From the moment we can conceive having a career goal we are taught that there is a dream job out there for each of us. A job where days won't be spent working, but rather enjoying ourselves in the knowledge that we are doing what we were always meant to do.
Sadly, the reality is much different. If you take 10 high school students and fast forward time about 7 - 10 years when they're all are in employment, statistics tell us you will find the following:
6 will be in a job they don't like
2 will be in an 'ok' job
1 will be in a job he/she enjoys but not their dream job, and
1 will be in the job they felt they were born to do.
1 out of 10 isn't a great statistic. So how do you know what job is right for you? How do you figure out where you were meant to be in life?
The answers to the above questions have plagued workers since the beginning of a time when you could choose what you did for a living. If you can choose a job then surely you should be able to do what you want. Sadly, most of us won't be in our dream job. We won't even be in a job we enjoy.
Why we do a job we don't like is quite simple. It all comes down to attitude and circumstance. We don't like our job because we tell ourselves we should be doing something different. Perhaps something with more pay. Something with more power or something more fun. We kid ourselves that our circumstances have pushed us into a role we don't like and we are forced to stay in that role because of those same circumstances.
When I was younger, I watched a young man go through school as an intelligent guy. Problem was - he was born on the wrong side of the tracks and forced to take a job after high school to make ends meet even though he dreamt of going to university to become a teacher.
10 years on, he's still not a teacher. 10 years on he's the assistant regional director of the education board in Australia. 10 years on he's one of the most influential people in education in his area. 10 years on, he'd still like to be a teacher.
After he finished high school, he got a job as an administration assistant on minimum wage in an education authority office. Fortunately for him, his colleagues noticed his potential and through hard work he rose to the position he holds today. But he never forgot his dream and he's currently studying a teaching course part-time round his full time role to become a teacher.
I've included that example because I think it illustrates two things. First of all, circumstance means nothing when you really want to do something. I could tell you a story about a man who was a self made millionaire after growing up in a poor household in a council estate. Thing is, I don't know one of those stories. I just know the story of a man who now earns an average wage working in position whilst he trains to work as a teacher. He's not a millionaire or a TV star. He's just a man who ignored circumstance and followed his dream of becoming a teacher. He isn't quite there yet but I'll be the first to ring him up when he makes it.
He took an unfortunate situation and made it work.
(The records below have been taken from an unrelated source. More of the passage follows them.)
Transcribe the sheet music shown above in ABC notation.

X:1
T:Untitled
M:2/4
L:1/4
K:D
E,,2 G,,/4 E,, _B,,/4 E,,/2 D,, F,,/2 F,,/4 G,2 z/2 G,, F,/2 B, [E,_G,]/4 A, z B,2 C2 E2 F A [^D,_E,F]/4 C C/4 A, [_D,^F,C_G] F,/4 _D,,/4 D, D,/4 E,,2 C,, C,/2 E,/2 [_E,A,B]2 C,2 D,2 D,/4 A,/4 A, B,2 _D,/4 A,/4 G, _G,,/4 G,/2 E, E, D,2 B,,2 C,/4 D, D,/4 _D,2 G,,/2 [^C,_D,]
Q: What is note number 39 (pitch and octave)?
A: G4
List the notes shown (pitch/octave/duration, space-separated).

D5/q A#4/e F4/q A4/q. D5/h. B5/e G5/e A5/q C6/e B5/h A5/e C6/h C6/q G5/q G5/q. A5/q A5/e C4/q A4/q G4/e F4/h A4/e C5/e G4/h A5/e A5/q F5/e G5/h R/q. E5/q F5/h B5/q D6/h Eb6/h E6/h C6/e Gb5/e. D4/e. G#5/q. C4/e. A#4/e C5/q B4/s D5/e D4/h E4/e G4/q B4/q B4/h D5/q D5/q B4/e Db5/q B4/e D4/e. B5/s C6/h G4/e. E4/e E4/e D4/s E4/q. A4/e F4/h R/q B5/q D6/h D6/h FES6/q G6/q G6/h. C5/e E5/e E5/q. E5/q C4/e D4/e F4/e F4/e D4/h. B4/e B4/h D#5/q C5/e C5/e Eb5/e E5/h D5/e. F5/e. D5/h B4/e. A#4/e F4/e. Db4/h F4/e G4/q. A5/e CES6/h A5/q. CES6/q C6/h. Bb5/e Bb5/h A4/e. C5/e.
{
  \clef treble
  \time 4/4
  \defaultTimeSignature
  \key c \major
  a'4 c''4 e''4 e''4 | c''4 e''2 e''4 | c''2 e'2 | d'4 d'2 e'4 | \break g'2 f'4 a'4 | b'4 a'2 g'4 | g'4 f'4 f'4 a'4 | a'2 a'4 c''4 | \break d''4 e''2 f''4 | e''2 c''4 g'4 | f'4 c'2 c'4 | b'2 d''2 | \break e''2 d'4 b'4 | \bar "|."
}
The second point I take from this story is that a dream is only as good as the person who dares to dream it. From the example, you could argue that an assistant regional director is a higher position than a teacher. After all, the regional directors are responsible for the teachers in their region and get paid more. Also, the opportunities for senior management from regional manager are very encouraging and he is likely to continue moving up in the world of education, gaining more power and more money.
But that's not what it's all about to him. He wants to be a teacher. He wants to encourage young minds and doesn't care that it's not as well paid and doesn't have the promotion opportunities that directors have.
Human beings, in general, seem to get caught up in this idea that success, and therefore enjoyment, come from promotion, money and power. They come from continually progressing and proving something to those around us. We are quite bad at comparing our success against that of others meaning that we'll never quite be completely happy.
The idea of a dream job is not a myth. It is a fact and it is there for all of us. However, in order to find it we need to be looking in the right place. We needn't compare ourselves to others because that won't get us anywhere. Drawing comparisons just puts us in that dangerous place of always trying to go one up and never quite finding our own happiness with our jobs.
I think it's important to acknowledge circumstance but also use it our advantage rather than an excuse.
Happiness comes from so many different areas and it's important to acknowledge those. Things like work colleagues, feeling valued, improving ourselves and becoming good at a job all help. I've often been caught out in a great job with rude colleagues only to find out that I've been miserable. A job alone isn't enough. A pay packet of x amount isn't enough.
If family makes you happy then the more family friendly the role the happier you'll be often regardless of position.
Some of the happiest people in the world type up letters for a living because they work in a place that allows them to do other things. And that makes their jobs enjoyable because it fits in with their lives.
When I talked about that story earlier with 10 high school students I didn't mention what they did. And I didn't mention it for a reason. Here's why.
The original study consisted of 10000 students. That's where we get our statistics from and how we know that 6 out of 10 high school students won't be in a job they like.
The researchers then chose 10 of the participants, at random, to find out a little bit more. They found some interesting stuff.
Of the 6 that didn't like their job, there was an: accountant, investment banker, soldier, doctor, factory worker and a photographer.
The 2 that thought their job was ok: cleaner and a journalist.
The 1 person that enjoyed their job but didn't think it was their dream role - social worker.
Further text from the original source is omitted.